Morals and ethics...Respecting yourself and others
Leadership and setting examples
Volunteering at home, at school and in your community.
Personal and family economics. Learning about saving, debt, investing, budgeting,
Earning a living...all the various things people do to make money and keep society functioning.
Ways we strengthen our minds and bodies and what to avoid.
I'm sure there are many others we could add to the list that would build wisdom, strength and character in young people.
Key word is "traditional". This means, non-woke, where work and discipline is valued and taught. Where people of all faith backgrounds shared a common element of respect for each other. Where students learned from examples set by their parents who stayed together and divorce was rare. Where kids learned responsibility at an early age. Where parents looked out for each others kids. The counter-culture of the 60's started the downhill slide. We need to get back to American culture of patriotism, belief in God, where welfare was very rare and not a lifestyle. We need to learn from our mistakes and admit that this social experiment we've been conducting has been an abject failure.
Sounds good, but what makes you think people of all faith and backgrounds share any common element of respect for one another? We have had people pouring in from our borders for 2+ generations along with the welfare state subsidizing the unaccountable. Look at Southern California, Texas or areas with high black population. I would never send my child to a public school in those places. High crime, violence, no respect for law and order, and no respect for others. What American values do we have in common with such people? If you've ever lived in these places you'd see that some cultures are absolute filth bordering on barbarism. We can't put the proverbial 'genie back in the bottle' when it comes to decades on unchecked immigration plus a rampant welfare state, so what's to be done? This very thing was a major contributing factor to what broke Rome and will be this country's undoing if the petrodollar doesn't collapse it first.
If you view it as insurmountable then you've failed before you tried. Perhaps I have an advantage of age because I remember a time when people did respect each other. It's the way we were brought up. There were always contentious elements wanting to break the rules but mostly kids were raised to respect their elders and to respect authority of your parents and those of others.
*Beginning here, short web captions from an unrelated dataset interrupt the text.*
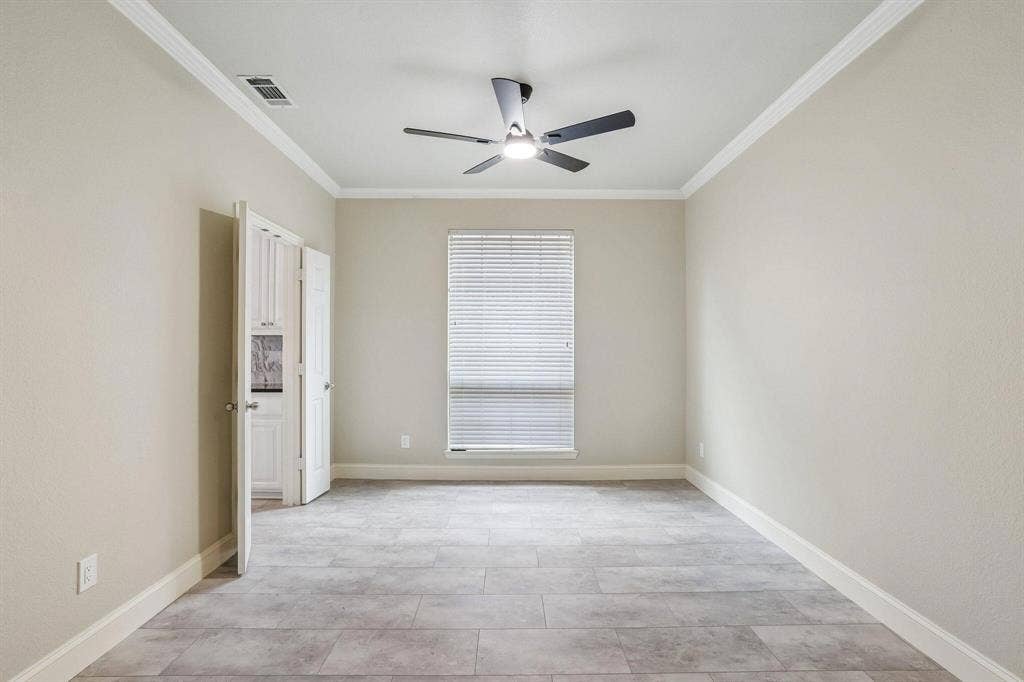 6412 Falcon Ridge Lane, McKinney, TX 75071 6412 Falcon Ridge Lane, McKinney, TX 75071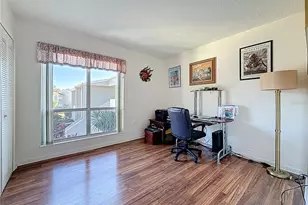 510 Windrush Bay Dr, Tarpon Springs, FL 34689 - Photo 23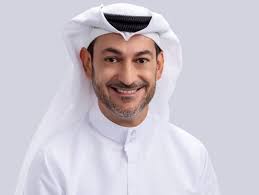 Forbes : Groupe Ooredoo parmi les cinq leaders pour le développement  durable dans le secteur des télécommunications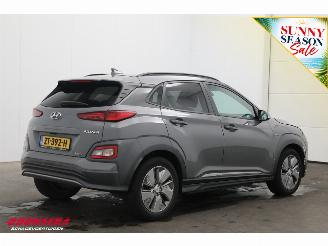 Hyundai Kona EV Premium 64 kWh LED ACC Krell Ventilatie LRHZ picture 3
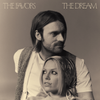 The Favors - The Hudson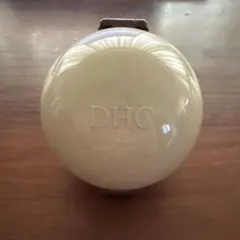 DHC ピルケース　ベージュのサムネイル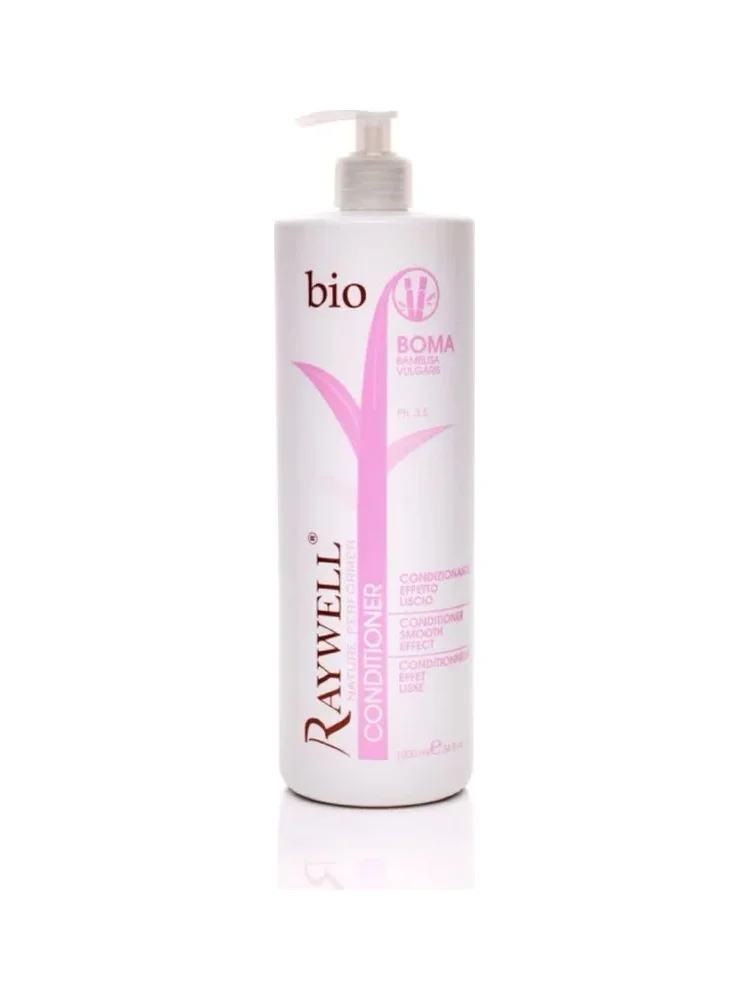 Raywell Smoothing Conditioner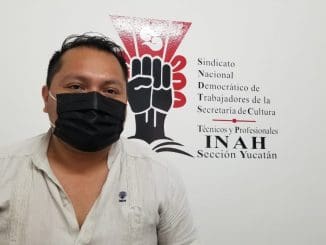 WhatsApp Image 2020 12 22 at 4.54.54 PM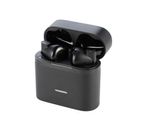 Auriculares_Caja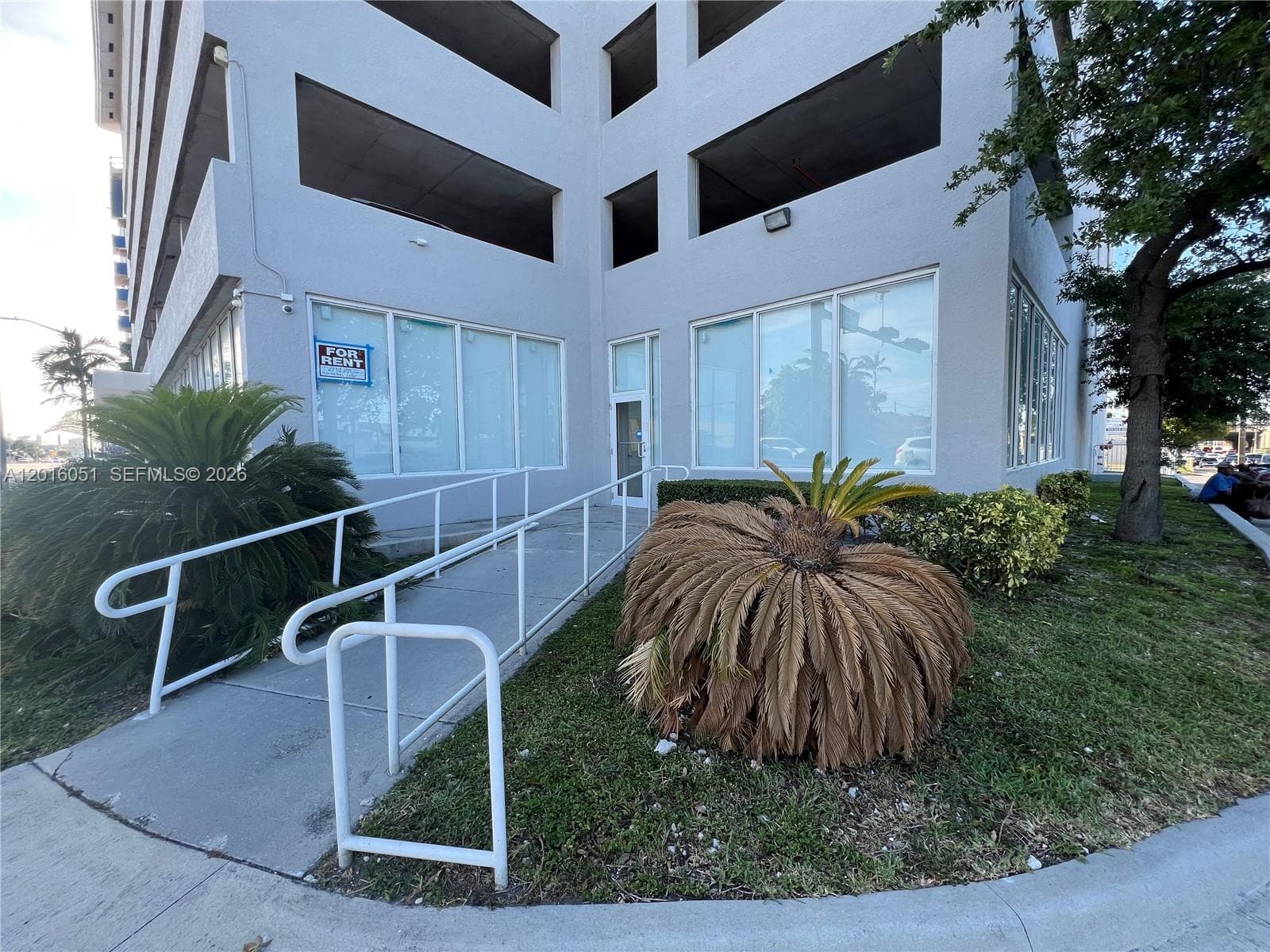 2217 NW 7th St # 2, Miami, FL 33125 photo 3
You respected teachers, police, religious figures, service people, not because of who they were but what they represented. In school we said the Pledge of Allegiance, we stood for a moment of silent prayer, we dressed according to a dress code. Yes sir, yes ma'am, please and thank you were instilled in us. Men opened doors for women, we seated the women before we took our seats. Why? Because our parent taught us to do so.
Society was more civil, respectful and polite. We have a road map we can follow if these things start in the home. I know it sounds impossible but that's only because we've lost our collective memory of how much better we functioned when we gave and received respect and learned that at an early age. It's now rare, but when you meet a respectful and polite young person today you are left with a good impression and the knowledge that good parents still exist.
This is why you TRAIN civic duty in at a young age, exactly so that this baseline is established.
Yes, I'm saying it's the parent's responsibility to teach a child morality and religion, not the state's. How can a one-size-fit-all curriculum even be possible if we have a 100 different religions and cultures residing in this country thanks to decades of unchecked immigration. If Christian values are taught, the atheists will be offended and so on and so forth. With all this multiculturalism in our country, who dictates which viewpoint is the right one?